A: It’s called a biofilm, and it’s composed of bacteria embedded within a slime produced by the microbes themselves. Biofilms adhere to living and non-living surfaces.
When a biofilm forms on teeth, it’s called plaque. Persistent urinary tract infections often result from a biofilm that clings to the inside surface of the bladder. When an infection involves a catheter or orthopedic implant, it’s usually due to a biofilm.
Biofilms protect bacteria from the environment, including the animal’s immune system and antibiotics. Successful treatment requires exceedingly high doses of antibiotics, removal of surgical implants and other extreme measures. Therefore, veterinarians focus on preventing biofilm formation through such methods as sterile technique and short duration of catheter use, particularly with urinary catheters.

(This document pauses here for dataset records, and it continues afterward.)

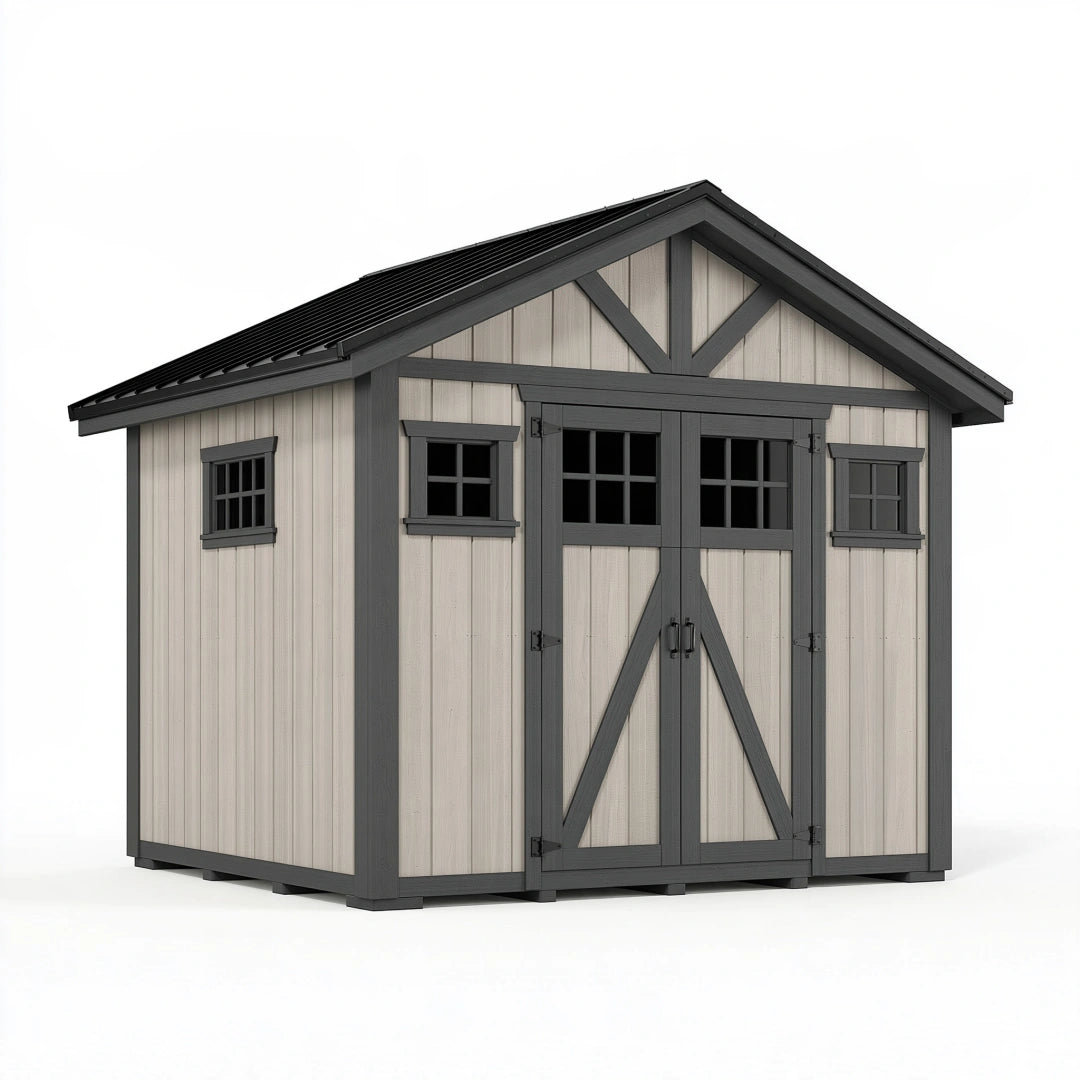 Abri de jardin 220 x 180 x 220 cm en résine gris clair et anthracite à double porte style chalet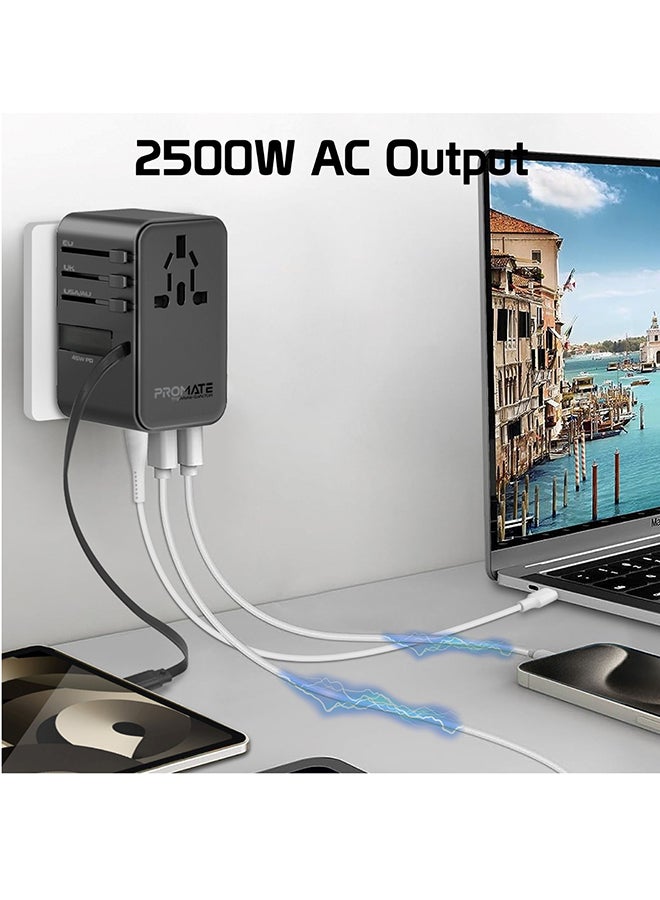 بروميت - محول سفر عالمي مع شاحن GaN، ومقبس تيار متردد بقدرة 2500 وات، وتوصيل طاقة USB-C بقدرة 70 وات، ومنفذ QC 3.0 بقدرة 30 وات، وكابل USB-C مدمج قابل للسحب للشحن السريع، TripMate-GaN70R أسود - Image 1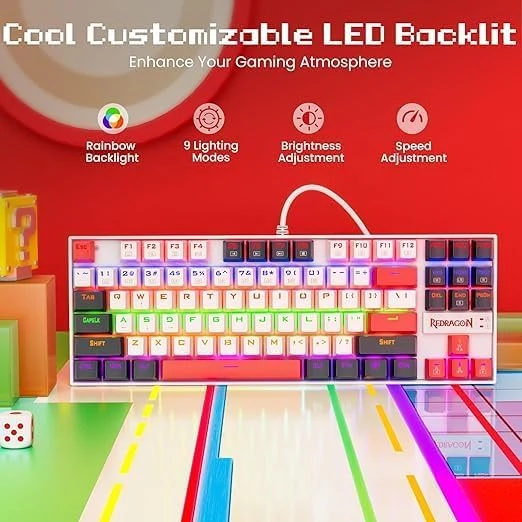 Redragon k552 WLR-R Kumara Mechanical Wired Gaming Keyboard Red Switch - White/Black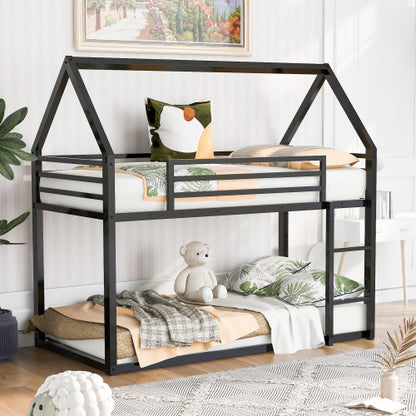 US Local Twin Over Twin House Bunk Bed With Built-in Ladder
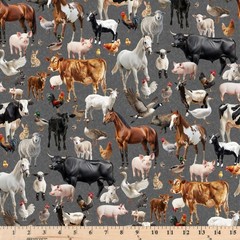 Farm Friends Packed Grey 100% Cotton Fabric By half yard continuous cuts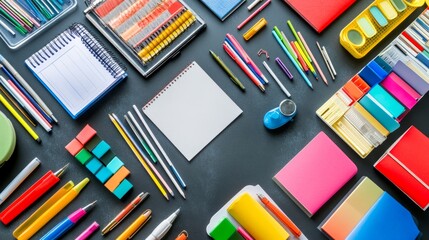 A beautifully organized home office with a bright desk, colorful stationery, and natural light streaming in. Open space available on the right for branding.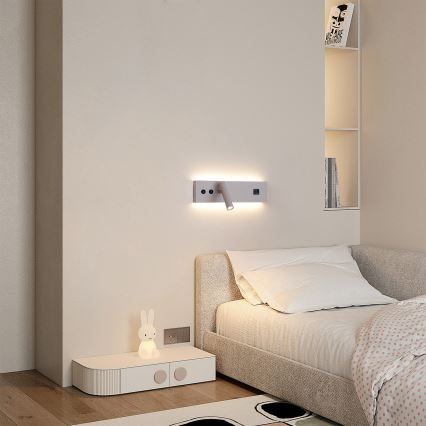 Brilagi - Aplique de parede LED com porta USB NOCTIS LED/3W/230V + LED/9W bege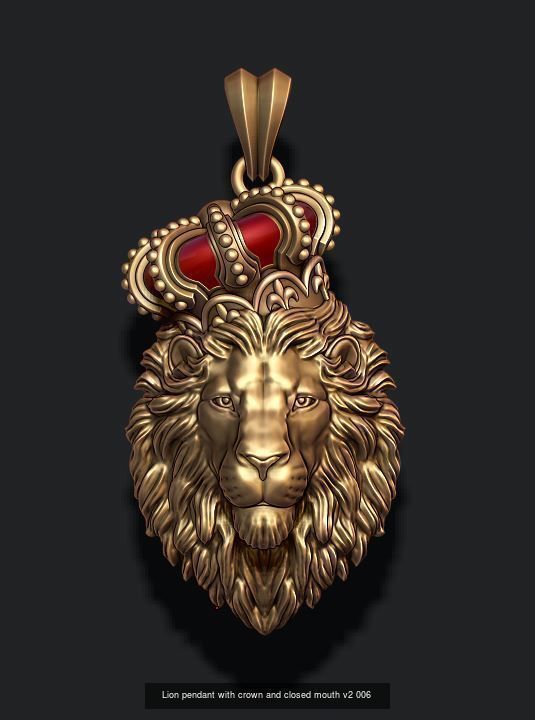 Lion pendants pack 3D Model Collection_7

As a biofilm grows in the body, some bacteria break off and establish new infections – and new biofilms—elsewhere. Unfortunately, it’s difficult to culture bacteria in biofilms, because culture swabs usually can’t reach bacteria protected within the slime.
Whether your dogs’ water bowls are harmful depends on what kinds of bacteria are embedded in the slime. Since you don’t know what they are, play it safe by scrubbing their water bowls with detergent daily. Don’t simply swish the bowls out with water and refill them.
Besides, dogs prefer the taste of water from clean bowls.